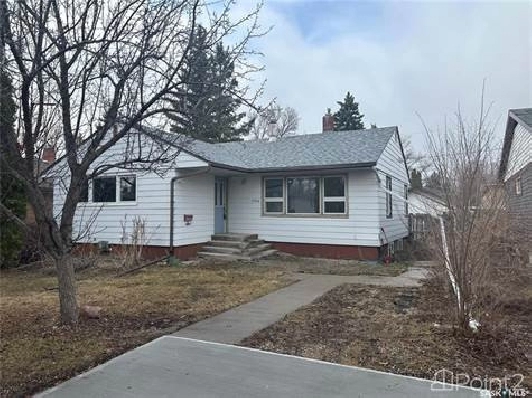 2704 24th AVENUE in Regina,SK - Houses for Sale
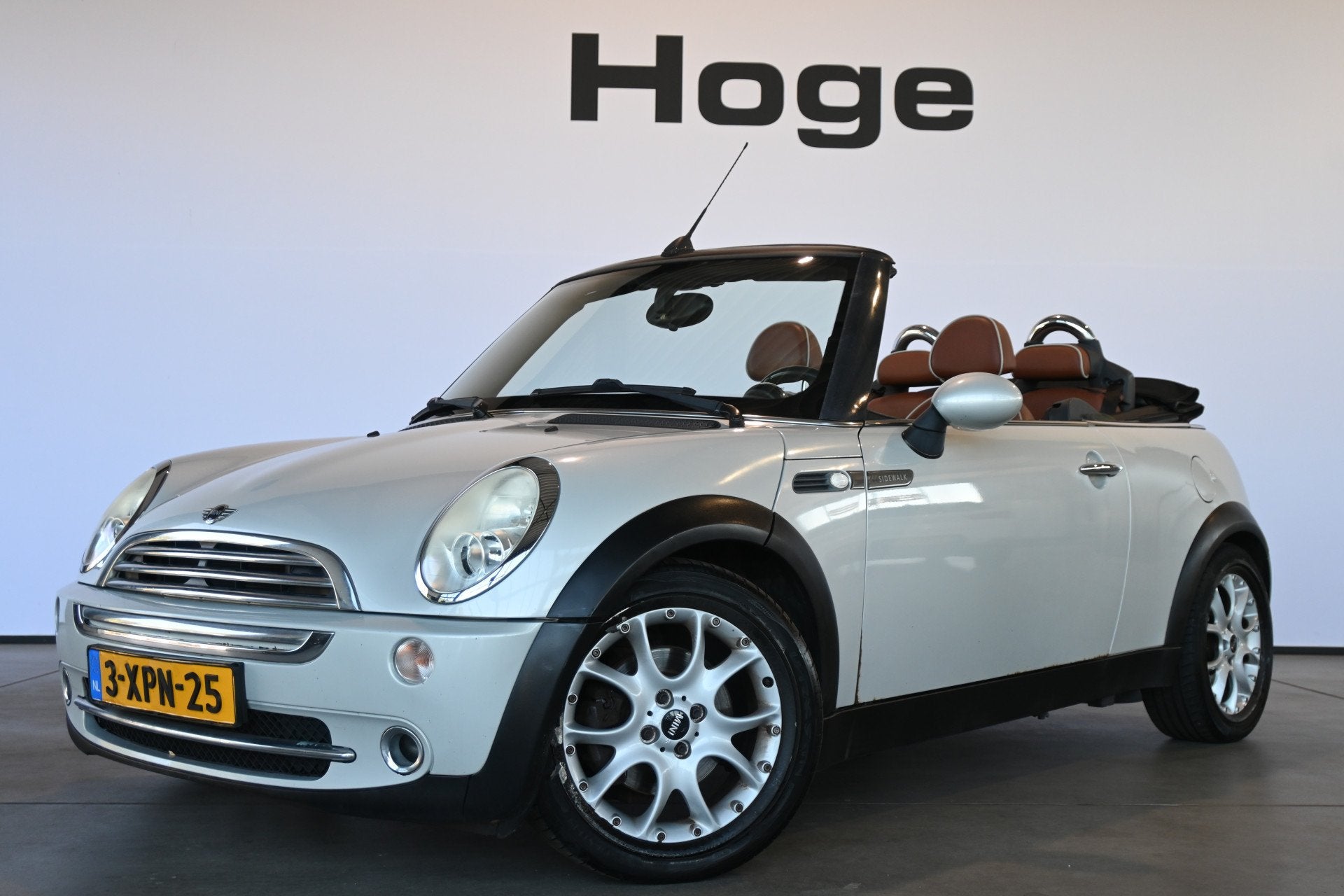 MINI Cabrio 1.6 One Sidewalk Cabrio Airco Cruise Lichtmetaal, Auto's, Gebruikt, Huisgarantie, 4 cilinders, 4 stoelen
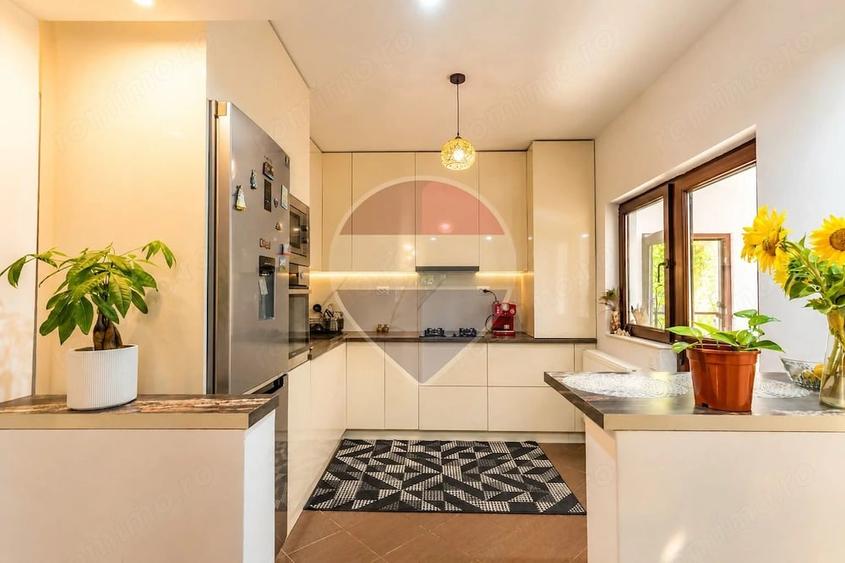 Casă cu 4 camere cu Teren 400 Mp în Horpaz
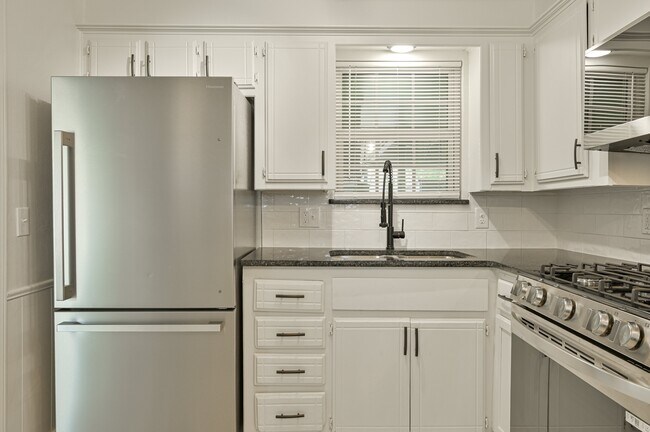 Building Photo - 2525 SE 47th St
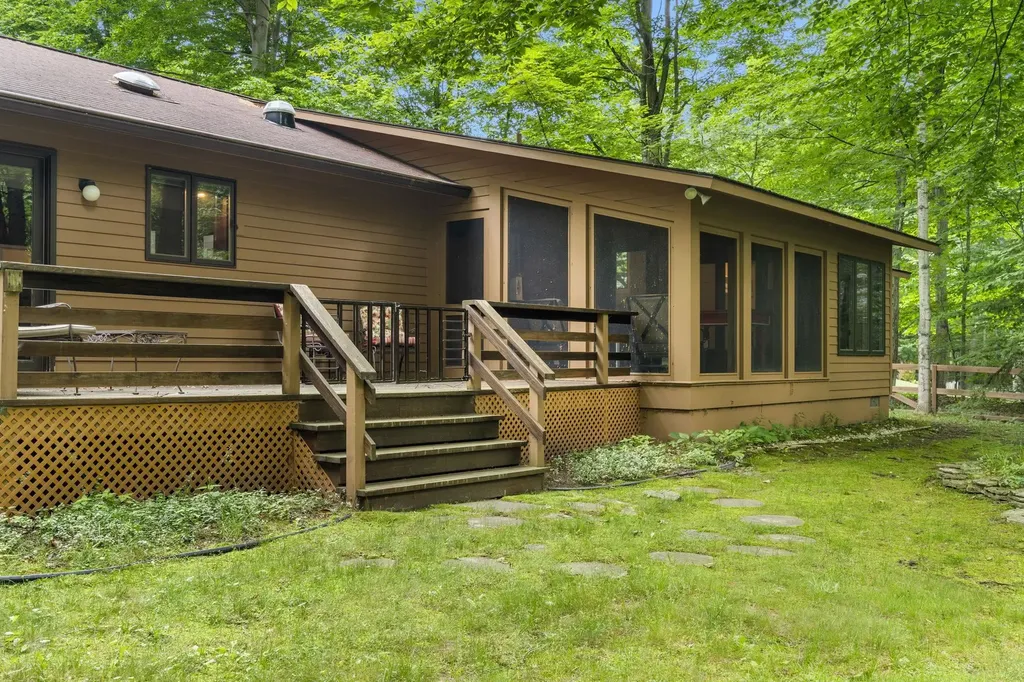 3862 N Trillium Drive Leland Township MI 49654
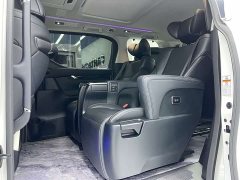 Toyota Vellfire 2021 Crown Hybrid 2.5L HV Luxury Edition - ფოტო 18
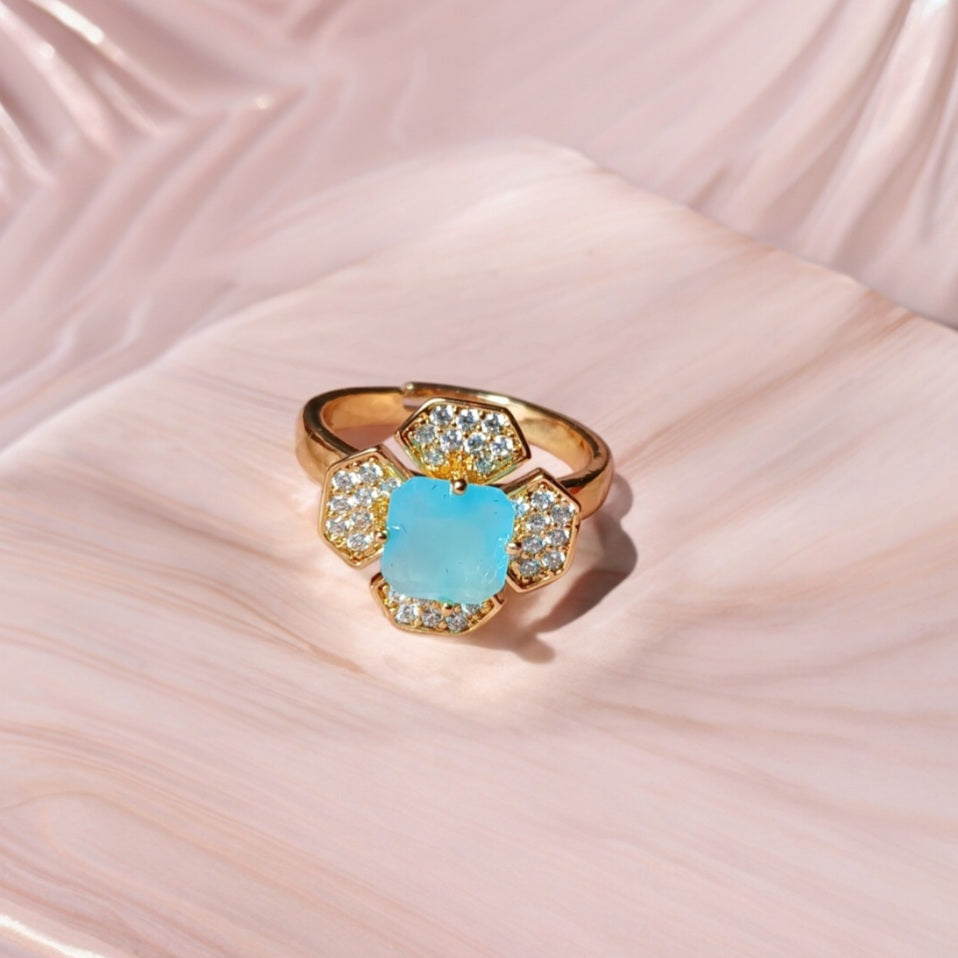 Four Leaf Flower Golden Rings with Square Colored Stones in Adjustable Size - Essentique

┄┄┄┄┄┄┄┄┄┄

● TASK STATEMENT:
Your answer must be an exact copy of the records, without the pictures.

● REPLY:
 2704 24th AVENUE in Regina,SK - Houses for Sale
 MINI Cabrio 1.6 One Sidewalk Cabrio Airco Cruise Lichtmetaal, Auto's, Gebruikt, Huisgarantie, 4 cilinders, 4 stoelen
 Casă cu 4 camere cu Teren 400 Mp în Horpaz
 Building Photo - 2525 SE 47th St
 3862 N Trillium Drive Leland Township MI 49654
 Toyota Vellfire 2021 Crown Hybrid 2.5L HV Luxury Edition - ფოტო 18
 Four Leaf Flower Golden Rings with Square Colored Stones in Adjustable Size - Essentique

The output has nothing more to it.